On 10 August 1878, Pandit Ratan Nath Dhar Sarshar was appointed as editor. Avadh Akhbar helped to launch his career as one of the most important fiction writers in Urdu. Sarshar's novel Fasana-e-Azad appeared serially, and later as a special supplement, in the paper from 1878 to 1880. It became the first Urdu novel to be serialised in a newspaper. Sarshar also published articles on literary, educational, political and social subjects in the paper, advocating progressive thoughts, enlightenment and modernity. Ulrike Stark remarks that Sarshar gave a new dimension to journalistic prose in Urdu and became a model for many later writers. Sarshar resigned from the editorship on 1 February 1880; however, he remained associated with the Nawal Kishore Press for some time. His novels Fasana-e-Jadid (later published in book form as Jam-e-Sarshar) and Sair-e-Kohsar were serialised as special supplements to Avadh Akhbar in 1880 and 1886 respectively.

After Sarshar, no formal editor was appointed. The editorial work was handled by several editors including Abdul Halim Sharar (assistant editor from 1880 to 1882), Mirza Hairat Dehlavi, Munshi Shiv Parshad, Maulvi Ahmad Hasan 'Shaukat' and Munshi Debi Parshad 'Sihr'.

==Circulation, frequency and editors==
Circulation, frequency and editors of Avadh Akhbar.

| Year | Circulation/Government Subscriptions | Frequency | Editor |
| 1858 |  | weekly | Munshi Nawal Kishore |
| 1859–64 |  | weekly | Maulvi Hadi Ali 'Ashk' |
| 1865–66 | ca. 400 | weekly | Maulvi Fakhruddin 'Fakhr' Muhammad Mehdi Husain Khan |
| 1867–69 |  | weekly | Maulvi Raunaq Ali 'Afsos' |
| 1870 |  | weekly | Maulvi Ghulam Muhammad Khan 'Tapish' |
| 1871 |  | weekly/ bi-weekly | Maulvi Ghulam Muhammad Khan 'Tapish' |
| 1872 |  | bi-weekly | Maulvi Ghulam Muhammad Khan 'Tapish' |
| 1873 |  | bi-weekly | Maulvi Ghulam Muhammad Khan 'Tapish' |
| 1874 |  | bi-weekly | Maulvi Ghulam Muhammad Khan 'Tapish' |
| 1875–76 | 600 | bi-weekly/ thrice-weekly | Maulvi Ghulam Muhammad Khan 'Tapish' |
| 1877 | 820/50 | thrice-weekly/ daily | Maulvi Ghulam Muhammad Khan 'Tapish' |
| 1878 | 719/50 | daily | Maulvi Amjad Ali 'Ashhari' Pandit Ratan Nath Dhar Sarshar |
| 1879 | 719/50 | daily | Pandit Ratan Nath Dhar Sarshar |
| 1880 | 685 | daily | Editorial board consisting of several people, including: Abdul Halim Sharar (assistant editor from 1880 to 1882), Mirza Hairat Dehlavi, Munshi Shiv Parshad, Maulvi Ahmad Hasan 'Shaukat', Munshi Debi Parshad 'Sihr' |
| 1881 | 715 | daily |
| 1882 | 620 | daily |
| 1883 | 620/90 | daily |
| 1884 | 605/94 | daily |
| 1885 | 605/94; 732/94 | daily |
| 1886 | 732/90; 660/94 | daily |
| 1887 | 660/94; 595/94 | daily |
| 1888 | 595/94; 690/94 | daily |
| 1889 | 690/94; 550/94 | daily |
| 1890 | 550/94 | daily |
| 1891 | 540/94 | daily |
| 1892 | 540/90 | daily |
| 1893 | 521/87; 503/92 | daily |
| 1894 | 503/92; 521/92 | daily |
| 1895 | 521/94 | daily |

==Reception==
The paper appears to be Nawal Kishore's most profitable journalistic venture and received great success with Urdu readers. It was the most popular newspaper of its time, specialising in politics, social reform and literature.
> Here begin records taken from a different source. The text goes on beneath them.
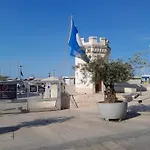Anna Luxury Apartment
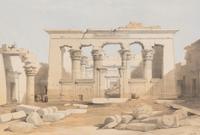After David Roberts, RA (British, 1796-1864)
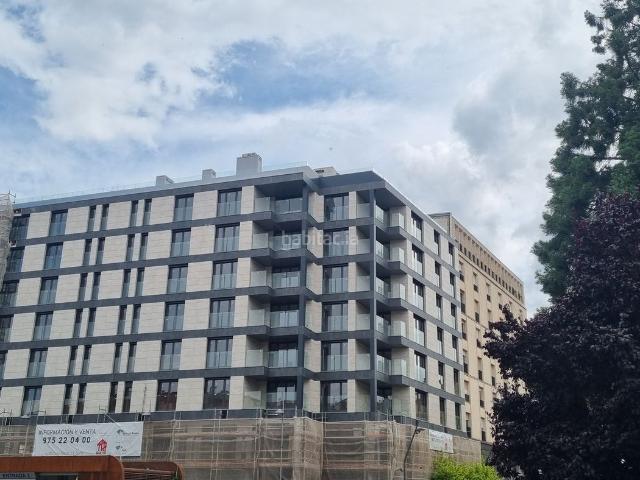 Piso en venta en Soria, Castilla y León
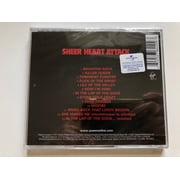 Queen - Sheer Heart Attack - Music & Performance - CD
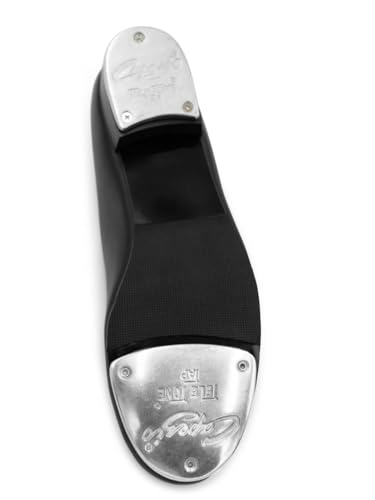 Capezio Women's Tic Toe Tap Shoe4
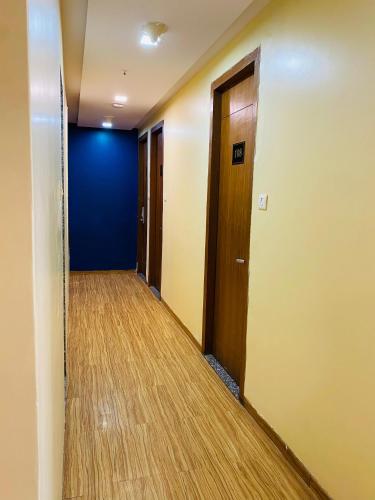 hotel arton regency terminal 2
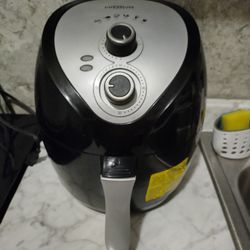 Air Fryer 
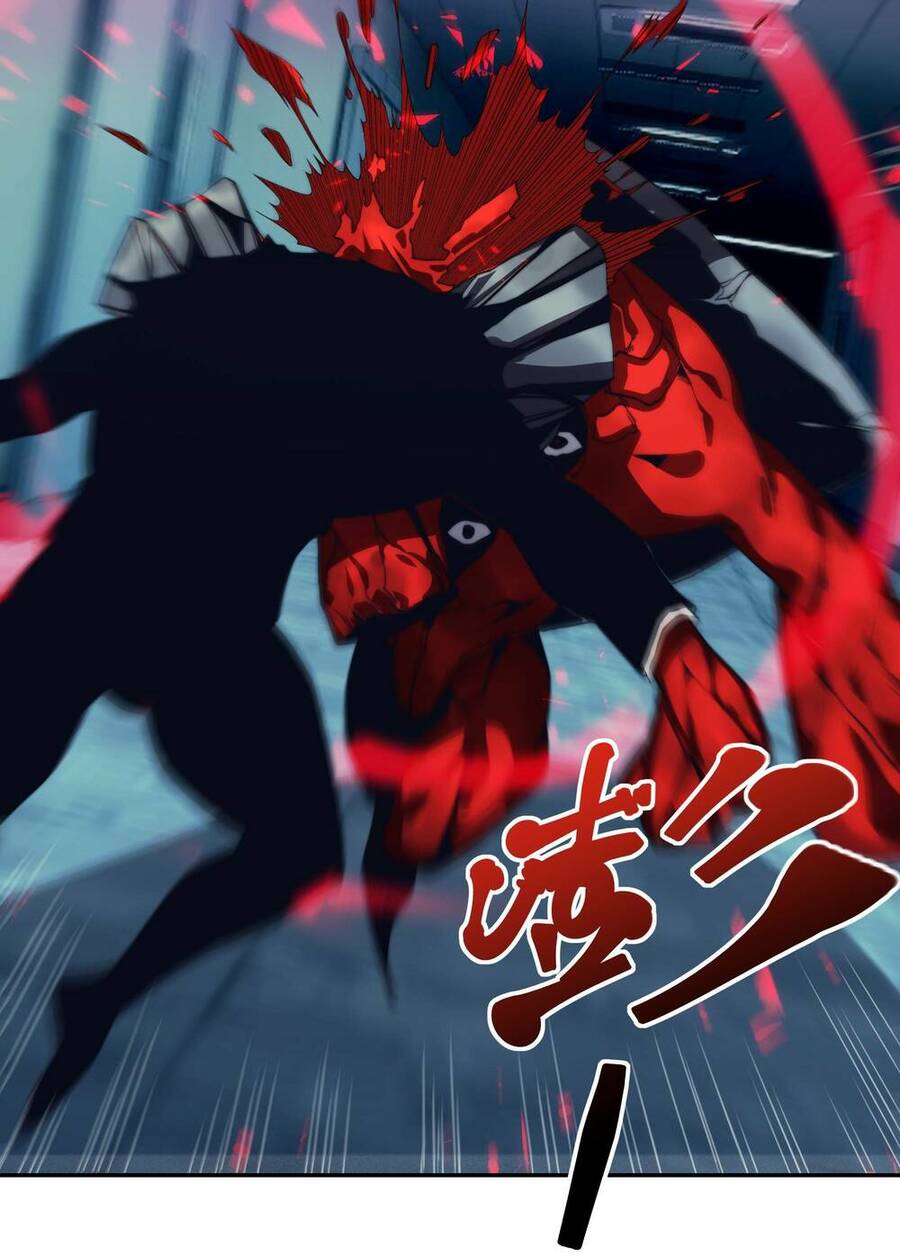 Vĩnh Kiếp 108 Chapter 6 - 79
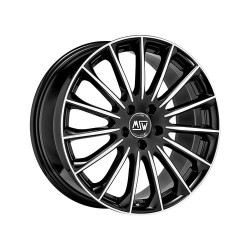 MSW 30 BLACK FULL POLISHED (GBFP)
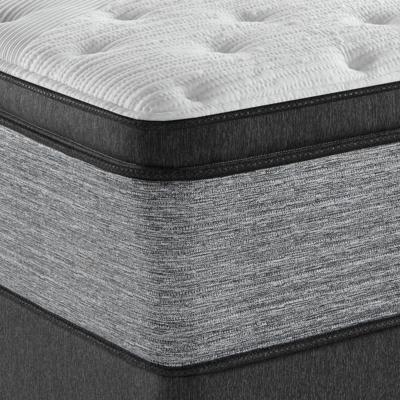 Beautyrest Harmony Lux Eternal Queen Size Mattress - Harmony Lux Eternal (Queen)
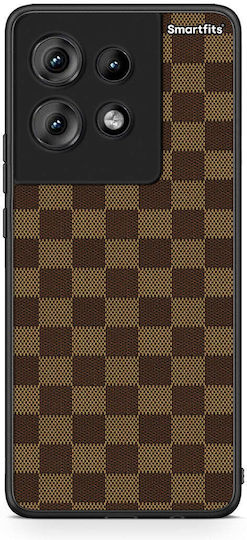 Дизайнерски Гламур Motorola Edge 50 Калъф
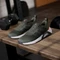 adidas Dropset Control night cargo/core black/impact orange (Herren) Vorschaubild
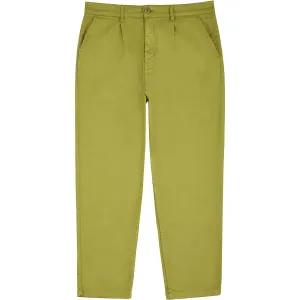 Maguro Pants Wasabi Green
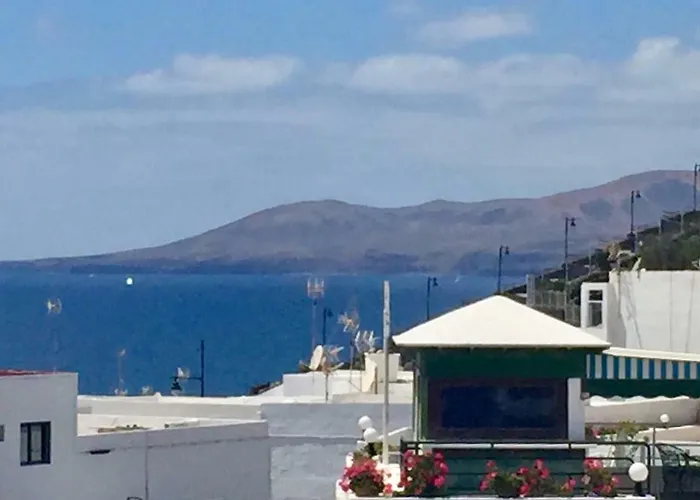 Διαμέρισμα Chao Portonovo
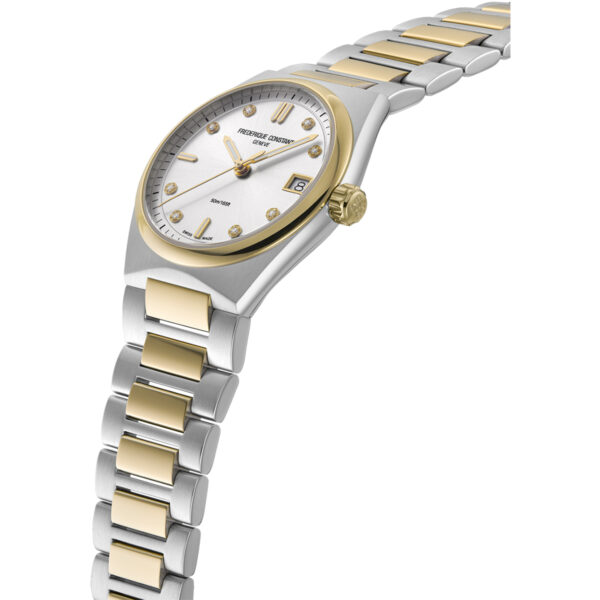 Frederique Constant Highlife Ladies Quartz - Image 2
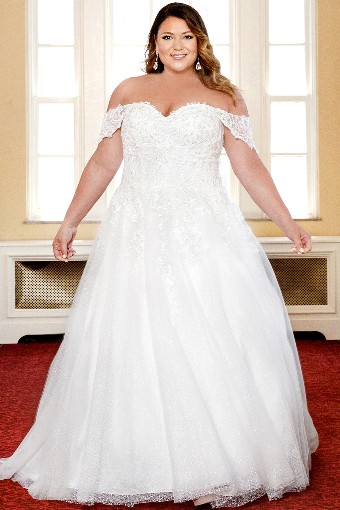 Sydney's Closet MB2313 #3 default Ivory thumbnail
Avadh Akhbar was the only commercially viable Urdu daily newspaper for a decade (1877–1887), until a rival newspaper, Paisa Akhbar, began being published in Lahore around 1887. It was read across a wide geographical region in India ranging from Delhi to Hyderabad, and from Lahore to Kolkata.